If your car is totaled or stolen and you owe more to your lender than it's worth, gap insurance kicks in. It pays the difference between the actual cash value of your car at the time of the loss, less your deductible, and any greater amount owed on the vehicle to a lien holder at the time of loss.
Because you borrowed money to buy your car, your lender requires that you purchase full coverage – not just state-mandated liability insurance, but collision and comprehensive coverages that pay for damage to the car itself – to protect its investment.
But no insurance company will ever pay you more than the car is worth if the vehicle is stolen or totaled.
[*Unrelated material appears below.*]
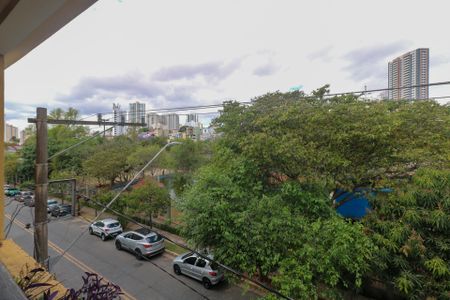 Casa à venda com 333m², 4 quartos e 4 vagas Casa à venda com 333m², 4 quartos e 4 vagasVaranda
“You can and should hold out for the best offer you can from your insurance company,” says Des Toups, managing editor of Insurance.com, “but in the end you’ll get a number based on the car’s actual cash value, minus your deductible, the moment before the accident. What you owe isn’t a factor.”
The difference between those numbers is the gap you want to cover.
"Gap insurance is really insuring the difference between the actual cash value on the vehicle and what you owe on the vehicle," says Bryan Smith, second vice president, Travelers Personal Insurance, Hartford, Conn., noting the insurance was born by lease vehicles that automatically carry gap coverage.
Toups recommends new-car buyers look at gap coverage for at least the first year if they have not made a down payment of at least 20 percent of the car’s out-the-door price.
“Even someone with a short loan can have an accident on the way home from the dealership,” he says.
What you’re aiming to cover, he says, is the period when the combination of a deductible, a big unpaid balance to your lender and the scramble to buy another car would spell financial disaster.
“At a certain point, you might be able cover the gap with your savings,” he says. “And once you’re in positive territory on the loan, gap coverage is a waste of money.”
Compare gap car insurance quotes before you buy your car. Yes, most auto dealerships offer gap insurance, but the cost of the insurance may well be 50 percent higher than what you'd pay if you secured it through your insurance agent, says veteran credit insurance professional Scott Henderson of Corona Del Mar, Calif.
"Prices [for the same policy] can range from $300 to $700," he says. "It's one of many things that [a consumer] should educate themselves about before they go to the dealership. Many people have their first exposure to gap at the dealership."
You can buy gap coverage through many insurance companies, too. They often refer to it as loan/lease payoff coverage. Expect to pay 5 to 6 percent of the combined annual cost of your comprehensive and collision premiums. That is, if you pay $1,000 a year for comp and collision, you pay an additional $50 to $60 a year for gap coverage.
Your bank or credit union may offer gap coverage as part of its loan package.
Lastly, there are stand-alone gap providers, such as GapDirect.
In all cases, Toups says, check the conditions under which you are allowed to drop the gap coverage and whether you get a refund of the unearned premiums.
How quickly the vehicle depreciates, the economy, the amount of the down payment and the specific coverage of the insurance policy are all important factors, says Nancy Smeltzer, a spokeswoman for Nationwide.
"A comparison of the vehicle's current value with any unpaid amount due on the loan or lease is a great place to start," she says. "Your insurance agent can also assist by reviewing those values with you and helping to determine how long you should maintain gap coverage."
Remember that most, but not all, gap insurance automatically ends after a specific amount of time, for instance, five to six years, so you don't continue to pay for it when it is no longer needed.
Still, you may want to remove it even sooner, so talk to your agent about vehicle depreciation and your loan amount so you make a wise decision, says Henderson.
To buy this gap, you must have collision coverage and comprehensive coverage as part of your car insurance policy. (See Insurance.com's Auto Insurance Coverage Calculator and Recommendations.)
Before gap kicks in to pay the difference to your lender, your car has to be declared a total loss and your insurance company needs to pay out first. If your gap policy doesn’t cover your deductible, then you’d need to pay that, too.
If someone else is at fault, gap still pays and under the same conditions. You would not need to pay your deductible, though.
Gap doesn’t pay for anything except a total loss. It does not make up missed payments and late fees if you lose your job, if you need a rental car, or if the car is repossessed. It does not pay the rolled-over balance from any previous loan. It does not pay the unused balance of extended warranties.